# PROBLEM DETAILS:
Please transcribe the data that follows exactly, from its first line through the line that contains "Welcome to the".

Stored items:
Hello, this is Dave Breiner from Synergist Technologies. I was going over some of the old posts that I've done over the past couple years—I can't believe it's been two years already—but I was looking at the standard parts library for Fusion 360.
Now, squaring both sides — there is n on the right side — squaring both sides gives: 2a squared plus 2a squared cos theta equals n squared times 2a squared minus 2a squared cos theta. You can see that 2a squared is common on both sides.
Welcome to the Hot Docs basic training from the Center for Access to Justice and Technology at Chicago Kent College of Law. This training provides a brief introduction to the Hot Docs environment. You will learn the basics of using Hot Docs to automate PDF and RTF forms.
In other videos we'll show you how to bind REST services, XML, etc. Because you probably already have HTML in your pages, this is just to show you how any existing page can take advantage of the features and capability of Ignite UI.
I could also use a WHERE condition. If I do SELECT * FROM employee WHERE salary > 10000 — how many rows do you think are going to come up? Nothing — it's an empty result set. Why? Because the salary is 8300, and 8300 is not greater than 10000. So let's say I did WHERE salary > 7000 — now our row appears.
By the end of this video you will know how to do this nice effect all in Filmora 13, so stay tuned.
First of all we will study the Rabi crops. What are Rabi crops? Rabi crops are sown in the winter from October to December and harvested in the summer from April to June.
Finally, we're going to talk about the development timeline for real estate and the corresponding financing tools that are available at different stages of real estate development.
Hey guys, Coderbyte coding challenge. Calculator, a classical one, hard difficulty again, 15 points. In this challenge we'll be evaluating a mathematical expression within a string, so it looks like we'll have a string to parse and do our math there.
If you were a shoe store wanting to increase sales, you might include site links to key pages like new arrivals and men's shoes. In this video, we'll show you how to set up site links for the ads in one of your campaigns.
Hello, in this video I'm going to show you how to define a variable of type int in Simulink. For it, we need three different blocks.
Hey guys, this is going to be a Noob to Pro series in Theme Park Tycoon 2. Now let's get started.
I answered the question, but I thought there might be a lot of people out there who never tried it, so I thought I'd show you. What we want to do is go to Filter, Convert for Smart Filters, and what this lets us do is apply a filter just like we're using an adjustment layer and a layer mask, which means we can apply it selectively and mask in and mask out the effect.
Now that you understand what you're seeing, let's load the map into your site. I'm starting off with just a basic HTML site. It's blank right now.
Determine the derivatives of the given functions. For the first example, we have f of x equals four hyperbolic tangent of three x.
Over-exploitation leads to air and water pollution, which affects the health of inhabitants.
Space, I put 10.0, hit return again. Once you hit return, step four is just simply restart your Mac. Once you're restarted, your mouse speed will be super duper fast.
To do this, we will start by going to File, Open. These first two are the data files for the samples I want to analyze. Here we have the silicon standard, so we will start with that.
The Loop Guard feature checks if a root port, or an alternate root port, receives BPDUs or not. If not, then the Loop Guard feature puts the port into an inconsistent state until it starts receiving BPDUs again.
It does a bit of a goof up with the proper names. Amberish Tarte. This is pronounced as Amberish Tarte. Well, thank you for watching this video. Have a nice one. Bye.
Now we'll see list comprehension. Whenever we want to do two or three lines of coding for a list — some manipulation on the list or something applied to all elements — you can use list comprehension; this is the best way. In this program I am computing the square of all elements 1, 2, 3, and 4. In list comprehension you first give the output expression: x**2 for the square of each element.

# WRITTEN RESPONSE:
Hello, this is Dave Breiner from Synergist Technologies. I was going over some of the old posts that I've done over the past couple years—I can't believe it's been two years already—but I was looking at the standard parts library for Fusion 360.
Now, squaring both sides — there is n on the right side — squaring both sides gives: 2a squared plus 2a squared cos theta equals n squared times 2a squared minus 2a squared cos theta. You can see that 2a squared is common on both sides.
Welcome to the Hot Docs basic training from the Center for Access to Justice and Technology at Chicago Kent College of Law. This training provides a brief introduction to the Hot Docs environment. You will learn the basics of using Hot Docs to automate PDF and RTF forms.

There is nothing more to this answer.